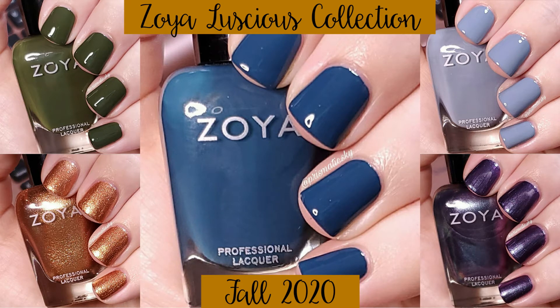Hey y'all, so today I have swatches and comparisons for the Zoya Fall 2020 Luscious Collection. I only picked up a few from this collection — I picked up 5 out of the 12. I don't think this was the most unique collection, as you'll see in my comparisons, but I could not resist the fall colors and had to pick some up.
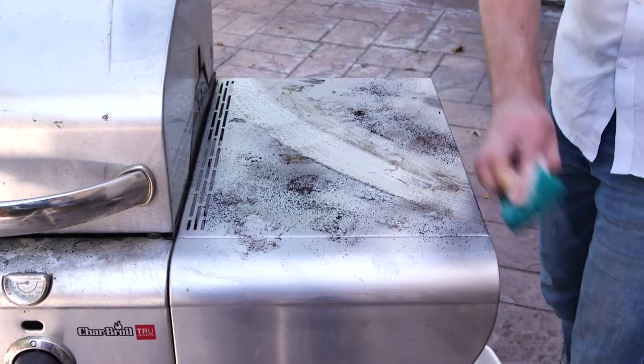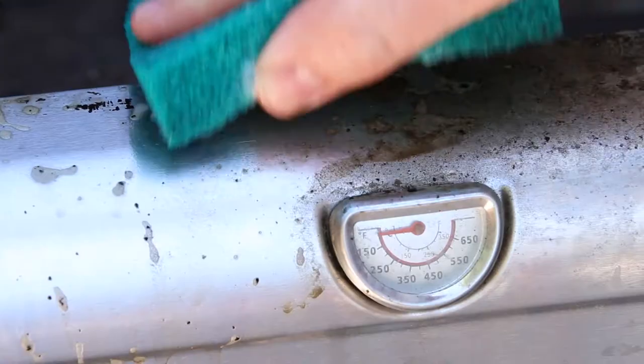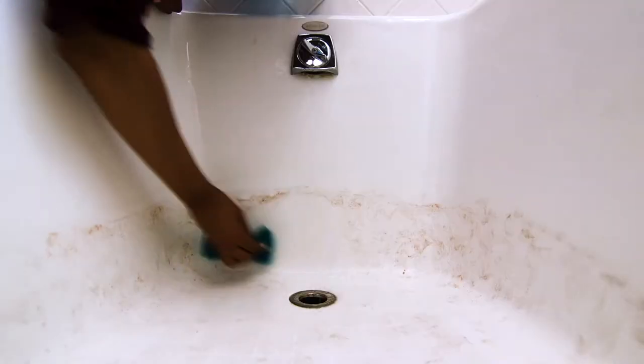these pads are durable enough to remove tough grease and grime indoors and out. The scrubbing pads are reusable, making them perfect for maintaining frequently used surfaces in your home.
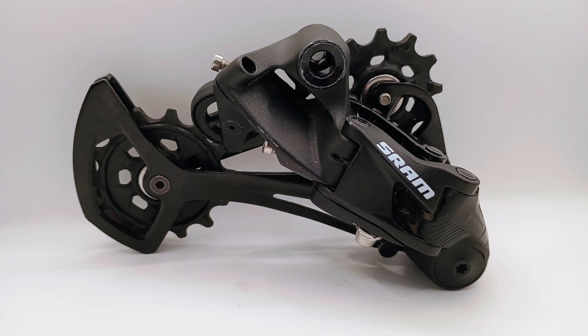The SX Eagle Derailleur is one of SRAM's 12-speed 1x mountain bike derailleurs. In this video, I'm going to measure the pull ratio and yaw of this derailleur.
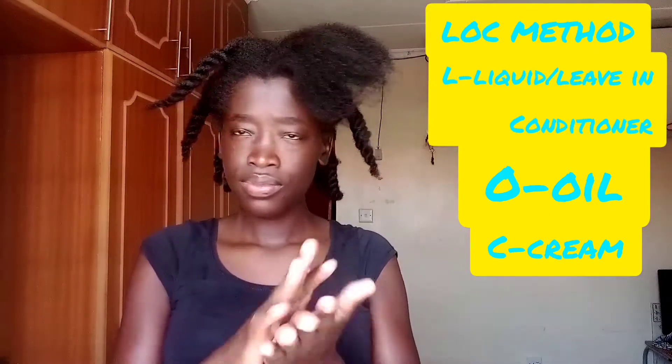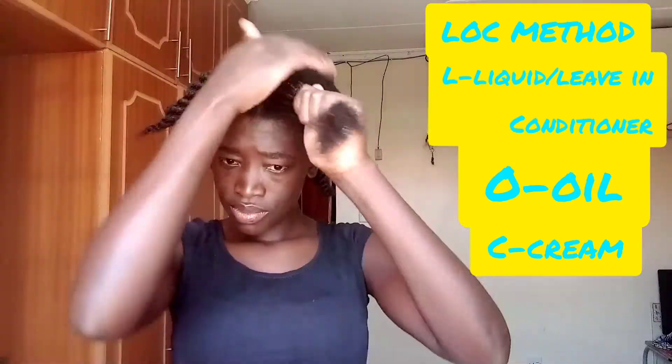So here we are, and I'm beginning by demonstrating how the LOC method is done. For this section I am doing a voiceover because during the time I was recording this video there was so much noise — we're gonna carry the mingi — and that's why I am doing this voiceover; I had no control over it. For the LOC method, L stands for the liquid or leave-in conditioner.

> WHAT YOU HAVE TO DO
The answer must be the full listing, exact in every line, with the pictures removed.

> WRITTEN SOLUTION
Hey y'all, so today I have swatches and comparisons for the Zoya Fall 2020 Luscious Collection. I only picked up a few from this collection — I picked up 5 out of the 12. I don't think this was the most unique collection, as you'll see in my comparisons, but I could not resist the fall colors and had to pick some up.
these pads are durable enough to remove tough grease and grime indoors and out. The scrubbing pads are reusable, making them perfect for maintaining frequently used surfaces in your home.
The SX Eagle Derailleur is one of SRAM's 12-speed 1x mountain bike derailleurs. In this video, I'm going to measure the pull ratio and yaw of this derailleur.
So here we are, and I'm beginning by demonstrating how the LOC method is done. For this section I am doing a voiceover because during the time I was recording this video there was so much noise — we're gonna carry the mingi — and that's why I am doing this voiceover; I had no control over it. For the LOC method, L stands for the liquid or leave-in conditioner.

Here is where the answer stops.